This morning I was cruising my blog list and ran into a good discussion over at TaniaWrites (worth reading). Who exactly are we competing against when we enter writing contests? THE ANSWER: Everybody and their mothers plus writers who are established. One example Tania gives is a writer who won a recent Narrative Magazine competition, Gina Ochsner.
Tania poses a provocative question. "Now, Gina Ochsner, a very fine writer, has published two short story collections and I see her name in many literary magazines, including the New Yorker. I don't doubt that her prize-winning story is worthy of the prize - but my questions would be, Should she still be entering these comps, given that she doesn't need the exposure/fame as much as some of us?"
Here is my comment left at Tania's Blog:
Provocative discussion, as always, Tania. As a writer with only a small sprinkling of publications, I find it disheartening to hear that those who have achieved what I consider a terrific amount of success--the New Yorker,for goodness sake--should feel inclined to enter competitions, especially if the competitions aren't blind ones. Knowing the identity of a entrant must influence the selection process, even if an editor tries to submerge that urge. Who you are and where you've been in print certainly matters in mainstream publishing.
The New Yorker is one of the most difficult mags to get into. The editors seem to go back to the same known ( and admittedly wonderful)authors time and time again. I don't blame them for this. Ellery Queen does the same thing in its field too, making it really difficult for newer writers, lesser known writers particularly to break in. Also there are very few venues for publication at the commercial level. So if one wants to write a story and publish a piece to a larger audience than say THEMA, that person is already competing against many, many already established writers.
Yes, new writers need to pay their dues. One must earn the right by developing strong craft and inspired content to appear in the best publications. I know because it's taken me a long time to learn exactly what all the goes into a great story and I haven't actually gotten there yet. So I look to contests for the exposure to editors, the deadlines they provide, and the occasional feedback that's offered.

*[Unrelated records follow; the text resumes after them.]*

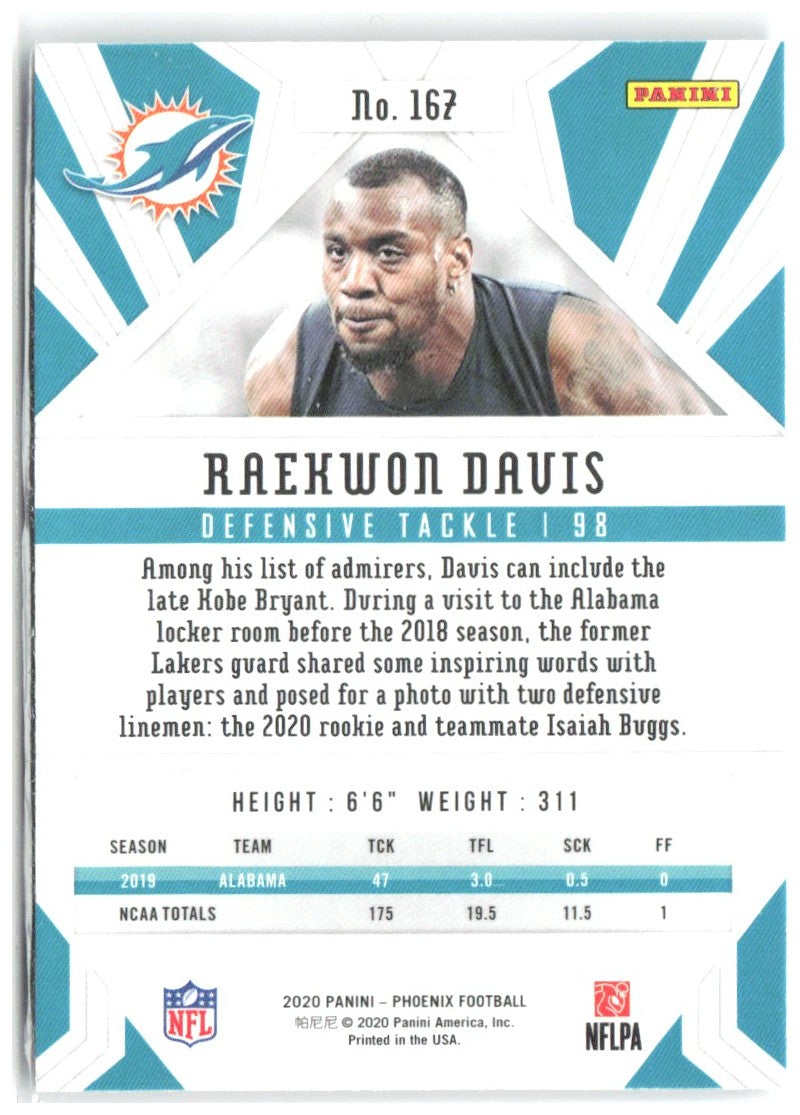 Raekwon Davis Panini Phoenix - Fire Burst 167 2020 Miami Dolphins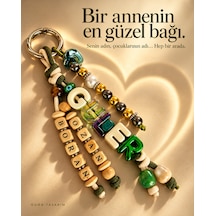 Goob Tasarım Anne Ve Oğullarına Özel İsimli Çanta Aksesuarı, Ahşap Ve Akrilik Harfli Charm Çok Renkli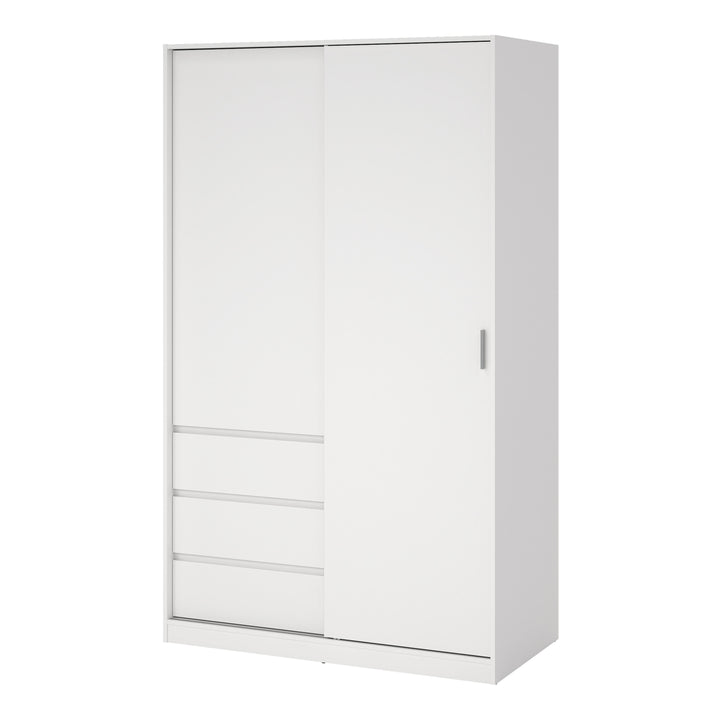 Naia Wardrobe with 1 Sliding Door and 1 Door + 3 drawers in White - TidySpaces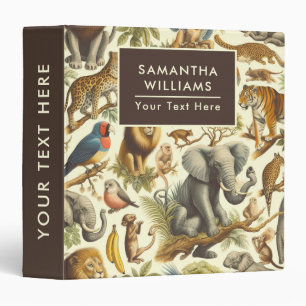 Vintage Jungle Animals Watercolor Binder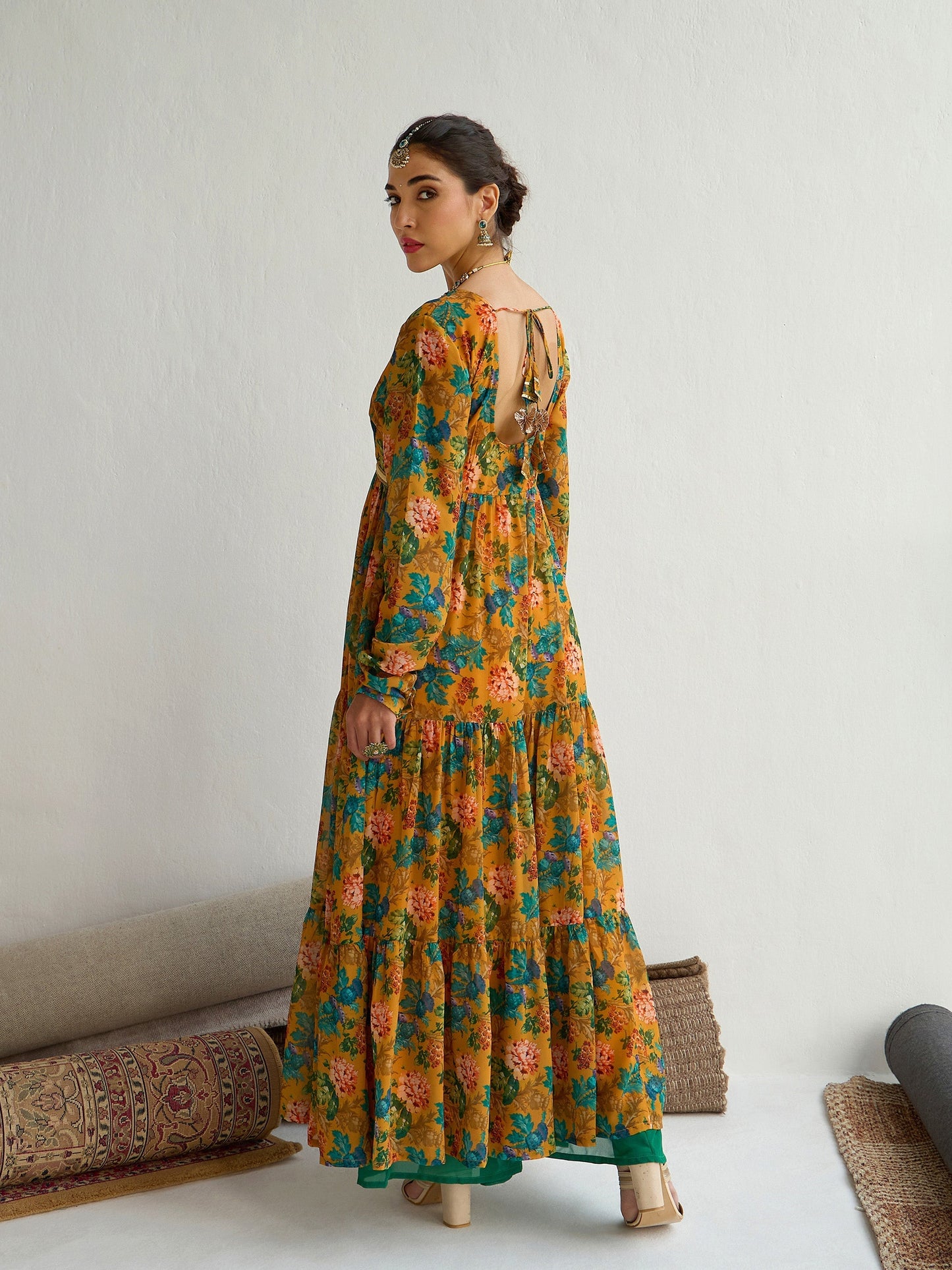 Women's Yellow Floral Kurta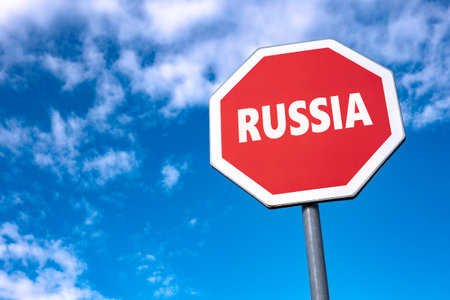 Traffic sign with RUSSIA text as a protest again Russian aggression to Ukraine and invasion to the countryの写真素材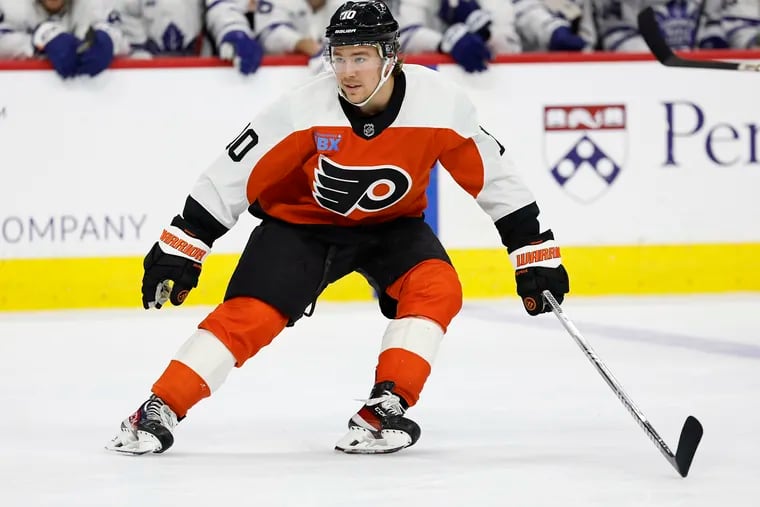 Flyers winger Bobby Brink on the ice against the Toronto Maple Leafs on March 14.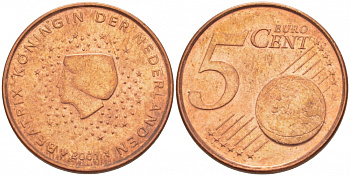 НИДЕРЛАНДЫ 5 ЕВРОЦЕНТОВ 2001 KM 236 сталь покрытая медью UNC 3457-1131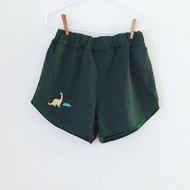 長頸龍刺繡短褲 / 深綠色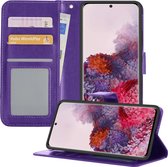 Hoesje Geschikt voor Samsung S20 Hoesje Book Case Hoes Wallet Cover - Hoes Geschikt voor Samsung Galaxy S20 Hoesje Bookcase Hoes - Paars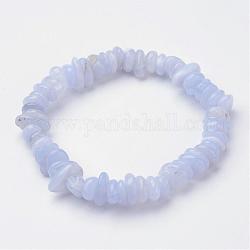 Natural  Blue Lace Agate Beaded Stretch Bracelets, 2-1/8 inch(54mm)
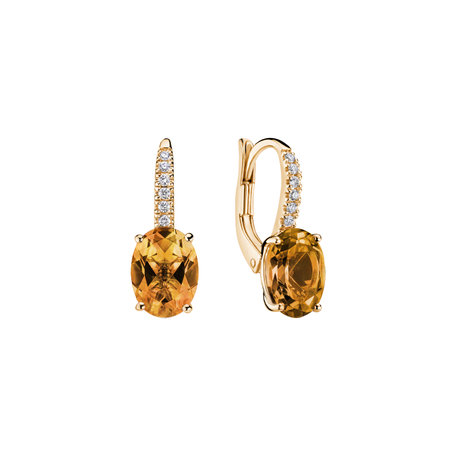 Náušnice s diamantmi a citrínom Iris Elegance
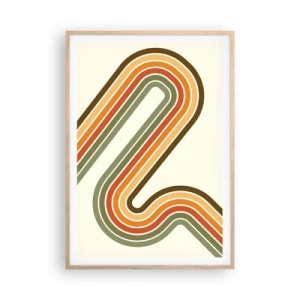 Plakat i ramme af lyst egetræ - Zigzag til destinationen - 70x100 cm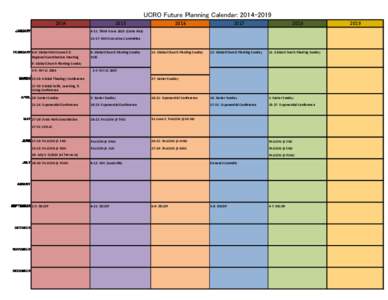 UCRO Future Planning Calendar: [removed]JANUARY 2015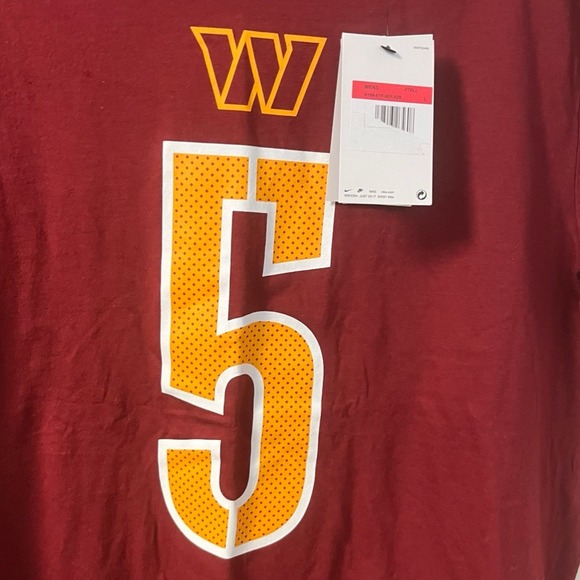 NWT Washington Commanders Nike NFL Mens TShirt Burgundy #5 Daniels Large - Picture 3 of 8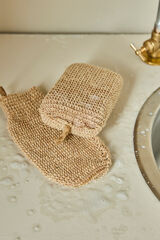 Meraki Esponja y guante exfoliante, MKJute, Naturaleza blanco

Contests have always offered an opportunity to new and emerging writers. They get the juices flowing, the butt in the chair, the close look at craft out of the writer. "Here is my chance!"
But I've always assumed that in a competition I have been competing against writers like myself, not the Joyce Carol Oates of the world.
I suppose it IS fair in the sense that the world isn't divided up by degree of effort, talent, work ethic, and genius. And there are occasional contests specifically designed for the unpublished.
I suppose, too, I need to work on getting to the next level so people can start complaining about ME!